There are millions of little things to think about when designing a space in your home, and one of the most important aspects to hammer down is how to balance function and design. Where do you start when redesigning the look of a room? How important is high performance in things like appliances? How do you determine if something beautiful is also usable?
These are all important questions, and to get answers, we sat down with Rafael Rexach, Kohler’s Design Studio Manager for Smart Home and Emerging Ventures. We knew Rexach was the right person to chat with: He heads up a lot of the design and innovation that happens at Kohler. So before you start swinging hammers and ordering faucets, check out this practical advice from a pro.
Pinpointing your own style can be one of the biggest hurdles to designing a space. There are so many phrases, movements, and trends floating around that Rexach says you need to start the process by looking at images, not words. This will help you find your own style, so you won’t get tripped up by phrases, and end up saying ‘minimalist’ when you really mean ‘traditional.’
With that in mind, match pictures to the visions you have in your head to make sure you’re not asking for the wrong things when you start planning — which could lead to both a mismatched overall design and products that just don’t function well together. You may love the way that new appliance looks, but if it doesn’t complement the other pieces in the room — or if there are any redundancies in their performance — you’ll regret your purchase later. Rexach recommends Pinterest as a way to collect, sort, and define your own personal style. By creating a visual “mood board” for your home design project, your varied tastes will coalesce into something unified, and everything in your new space will look good and work great together.
“Follow a design process,” Rexach adamantly recommends, “and cultivate divergent thoughts.” What’s that? Rexach says divergent thinking “helps you step back from your first thought assumptions and makes you really question the possibilities” of your space and the products you want to use. It also means looking at the space you’ll be designing as a blank canvas, and pushing yourself to imagine as many different conceivable layouts, styles, and decorative flourishes as possible, not just the ones that are easy or common.
What do you want to experience with the space, and how can layout, design styles, color selection, and more impact that experience? What are the important functional needs of the space, and will those needs change as you age?
“Giving these ideas time to settle in your head allows time for you to make the right connections and get your design plan well formulated,” Rexach says. This way, you’ll move into your next stages of design knowing you’ve thought through all the options. This will save you lots of “what if?” angst, and if you’re prone to backtracking on your ideas, it could also save you time and money.

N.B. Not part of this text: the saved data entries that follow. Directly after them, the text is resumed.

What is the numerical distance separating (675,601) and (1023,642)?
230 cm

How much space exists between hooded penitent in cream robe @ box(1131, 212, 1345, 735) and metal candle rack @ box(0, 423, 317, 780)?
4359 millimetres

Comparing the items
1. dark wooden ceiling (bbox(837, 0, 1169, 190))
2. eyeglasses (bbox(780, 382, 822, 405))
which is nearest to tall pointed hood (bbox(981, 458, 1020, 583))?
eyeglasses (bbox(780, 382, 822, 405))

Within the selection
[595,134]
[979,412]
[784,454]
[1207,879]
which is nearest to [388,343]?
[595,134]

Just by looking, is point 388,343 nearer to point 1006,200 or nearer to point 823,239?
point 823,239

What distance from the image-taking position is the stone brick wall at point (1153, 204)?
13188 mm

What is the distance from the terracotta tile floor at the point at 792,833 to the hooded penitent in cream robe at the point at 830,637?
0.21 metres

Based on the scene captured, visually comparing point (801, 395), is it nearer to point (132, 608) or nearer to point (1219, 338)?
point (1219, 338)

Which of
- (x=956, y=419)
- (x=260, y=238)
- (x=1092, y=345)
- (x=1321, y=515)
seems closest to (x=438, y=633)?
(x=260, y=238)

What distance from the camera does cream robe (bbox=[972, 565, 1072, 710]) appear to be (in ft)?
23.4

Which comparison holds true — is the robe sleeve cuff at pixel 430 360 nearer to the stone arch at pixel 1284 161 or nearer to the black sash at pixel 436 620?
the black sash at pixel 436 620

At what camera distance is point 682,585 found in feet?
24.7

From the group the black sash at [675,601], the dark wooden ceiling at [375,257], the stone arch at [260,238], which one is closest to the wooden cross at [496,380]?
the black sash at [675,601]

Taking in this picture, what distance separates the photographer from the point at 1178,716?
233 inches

When starting a new home design project it’s easy to get swept up by the look of products — from in vogue lighting fixtures to new types of house paint. But Rexach recommends being more discerning with your purchases and doing some research into the quality of what you’re buying. “I curate a little too much, so my home is full of brands that I value, quality levels that I value, beautiful color, material, and finishes.”
Rexach recommends home designers do the same, developing a keen eye for shortcuts and shoddy work instead of falling in love with the visuals in any given product. “As a designer I can look at products and instantly see if the manufacturer compromised. I can see where they skimped and cost-reduced.”
While Rexach was showing off the new line of Kohler Konnect products at CES, like the KOHLER Verdera Voice Lighted Mirror and the KOHLER Sensate Touchless Faucet, people kept coming up to him and saying they’d never thought of extending their smart home into the bathroom. For many, it’s a place where function and decor each have their own lanes they need to stay in, and no one ever thinks of connectivity.
But this is another area where design and function are merging, and Rexach thinks we’ll soon see smart homes where every room is connected except the bathroom. To avoid leaving your bathroom in the lurch, seek out useful, connected bathroom products that look visually striking and still add a seamless overarching design throughout your house.
As exciting as it is to design a new space, Rexach advises against moving too quickly. “Planning helps with timing, planning helps with cost, don’t rush into it,” he explains. Be like Rexach, who admits he’s “a very methodical plan-oriented person, and I get a little antsy when I don’t know the exact details of things.” Think about how everything — furniture, paint, appliances, products — will look and work together in a room before purchasing them piecemeal.
Likewise, if you’re considering smart home technology, make sure you invest in platform-agnostic technology like Kohler Konnect which works in conjunction with Alexa, Google, HomeKit, and other types of smart home systems.